Rio - Alguns brilhantes compositores brasileiros resolveram remar contra a própria história de luta contra a censura. Reunidos no grupo Procure Saber, artistas como Caetano Veloso e Djavan defendem artigos do Código Civil que, na prática, são capazes de impedir não apenas a publicação de biografias, mas até a divulgação de notícias em jornais, revistas, rádios e TVs.
Os artigos, que se chocam com a liberdade garantida pela Constituição, admitem a proibição da “divulgação de escritos, a transmissão da palavra, ou a publicação, a exposição ou a utilização da imagem de uma pessoa”. Isto, se a divulgação atingir “a honra, a boa fama ou a respeitabilidade” ou se destinar “a fins comerciais.” Se dependesse do que está escrito, não saberíamos das safadezas feitas nos governos:não dá para tratar de fatos sem citar seus autores.
O problema é que artistas resolveram pegar carona nas restrições. O caso mais notório é de Roberto Carlos, que conseguiu impedir a circulação de um ótimo livro, que, apesar da censura, servirá como fonte para qualquer pesquisador interessado em sua carreira. Levados ao pé da letra, os artigos vedariam praticamente todos os livros de não ficção, até mesmo o ‘Verdade Tropical’, de Caetano, onde ele cita cerca de 800 pessoas. Cada uma poderia pedir sua exclusão da obra. Não custa repetir:ninguém é livre para injuriar, caluniar ou difamar uma pessoa. O biografado que se sentir atingido tem sempre o direito de recorrer à Justiça, é assim em todo o mundo civilizado.

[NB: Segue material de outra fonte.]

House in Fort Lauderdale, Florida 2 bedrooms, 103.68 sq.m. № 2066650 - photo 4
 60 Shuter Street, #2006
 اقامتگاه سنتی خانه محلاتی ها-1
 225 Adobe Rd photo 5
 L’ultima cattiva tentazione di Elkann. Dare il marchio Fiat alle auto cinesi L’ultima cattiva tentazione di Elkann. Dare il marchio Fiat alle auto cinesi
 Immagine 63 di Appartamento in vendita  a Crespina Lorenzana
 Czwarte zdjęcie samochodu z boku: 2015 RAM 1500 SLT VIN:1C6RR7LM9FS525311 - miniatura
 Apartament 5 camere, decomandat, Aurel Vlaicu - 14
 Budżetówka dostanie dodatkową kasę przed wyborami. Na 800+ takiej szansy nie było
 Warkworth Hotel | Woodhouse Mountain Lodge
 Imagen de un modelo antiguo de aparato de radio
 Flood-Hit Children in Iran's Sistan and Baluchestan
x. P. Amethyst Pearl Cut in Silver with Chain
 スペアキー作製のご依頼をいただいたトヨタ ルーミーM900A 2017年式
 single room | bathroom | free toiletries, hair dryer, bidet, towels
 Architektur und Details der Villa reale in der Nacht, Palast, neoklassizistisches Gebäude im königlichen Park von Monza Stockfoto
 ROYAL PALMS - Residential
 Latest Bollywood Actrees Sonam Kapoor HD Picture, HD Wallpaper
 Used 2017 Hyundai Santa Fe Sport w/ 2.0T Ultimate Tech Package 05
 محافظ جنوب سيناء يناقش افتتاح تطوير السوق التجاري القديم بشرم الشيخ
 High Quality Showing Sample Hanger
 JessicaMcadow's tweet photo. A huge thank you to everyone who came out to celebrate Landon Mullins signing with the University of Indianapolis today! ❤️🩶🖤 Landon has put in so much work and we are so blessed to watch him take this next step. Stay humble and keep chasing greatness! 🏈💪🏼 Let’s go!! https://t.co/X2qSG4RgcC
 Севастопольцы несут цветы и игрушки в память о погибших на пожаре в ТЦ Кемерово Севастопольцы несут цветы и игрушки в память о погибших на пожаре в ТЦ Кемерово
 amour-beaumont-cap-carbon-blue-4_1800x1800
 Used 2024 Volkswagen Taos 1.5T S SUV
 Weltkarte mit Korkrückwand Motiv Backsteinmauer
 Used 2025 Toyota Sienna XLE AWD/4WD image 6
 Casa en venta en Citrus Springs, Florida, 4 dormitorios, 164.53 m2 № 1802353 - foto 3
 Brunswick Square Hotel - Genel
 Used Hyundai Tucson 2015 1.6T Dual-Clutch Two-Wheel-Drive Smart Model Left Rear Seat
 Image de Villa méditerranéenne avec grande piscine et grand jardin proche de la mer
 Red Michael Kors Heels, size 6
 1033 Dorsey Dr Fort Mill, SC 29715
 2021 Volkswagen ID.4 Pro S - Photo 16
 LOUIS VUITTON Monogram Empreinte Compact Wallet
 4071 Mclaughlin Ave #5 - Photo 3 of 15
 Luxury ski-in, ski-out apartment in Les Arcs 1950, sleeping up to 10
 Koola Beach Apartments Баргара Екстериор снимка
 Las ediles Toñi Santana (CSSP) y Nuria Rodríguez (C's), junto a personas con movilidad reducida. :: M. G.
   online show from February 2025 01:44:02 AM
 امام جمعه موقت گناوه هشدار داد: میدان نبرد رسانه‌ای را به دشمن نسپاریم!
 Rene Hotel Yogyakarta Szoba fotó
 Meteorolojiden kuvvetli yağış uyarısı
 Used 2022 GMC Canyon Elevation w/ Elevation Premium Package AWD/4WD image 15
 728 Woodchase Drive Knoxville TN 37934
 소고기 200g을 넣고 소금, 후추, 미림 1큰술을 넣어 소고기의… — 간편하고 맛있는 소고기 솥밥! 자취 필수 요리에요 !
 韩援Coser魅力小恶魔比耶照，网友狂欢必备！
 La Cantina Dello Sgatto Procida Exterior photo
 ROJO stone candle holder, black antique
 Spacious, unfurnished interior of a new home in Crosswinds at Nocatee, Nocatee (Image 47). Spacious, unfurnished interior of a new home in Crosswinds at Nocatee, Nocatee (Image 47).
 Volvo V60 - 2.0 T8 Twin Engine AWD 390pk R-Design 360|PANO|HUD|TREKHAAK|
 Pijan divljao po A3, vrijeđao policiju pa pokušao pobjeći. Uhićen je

Em artigo da empresária Paula Lavigne, o grupo diz não abrir mão de “remuneração correspondente” por eventuais biografias. Neste ponto, os artistas confundem obra, resultado de seu talento e trabalho, com vida. Vidas não são propriedades; são, digamos, obras coletivas, que todos construímos com nossos amigos, amores, filhos, pais e, mesmo, adversários.
A vida de pessoas públicas se confunde com a sociedade em que elas estão inseridas, uma tem influência na outra, são inseparáveis. Caetano, Djavan e Gilberto Gil não seriam quem são se não houvesse o Brasil, inspiração maior de suas criações. É fundamental — até mesmo para eles — permitir que suas trajetórias sejam contadas de maneira livre e independente.
Registro: a professora citada no artigo anterior chama-se Denise Ferreira da Silva, titular do Queen’s College London.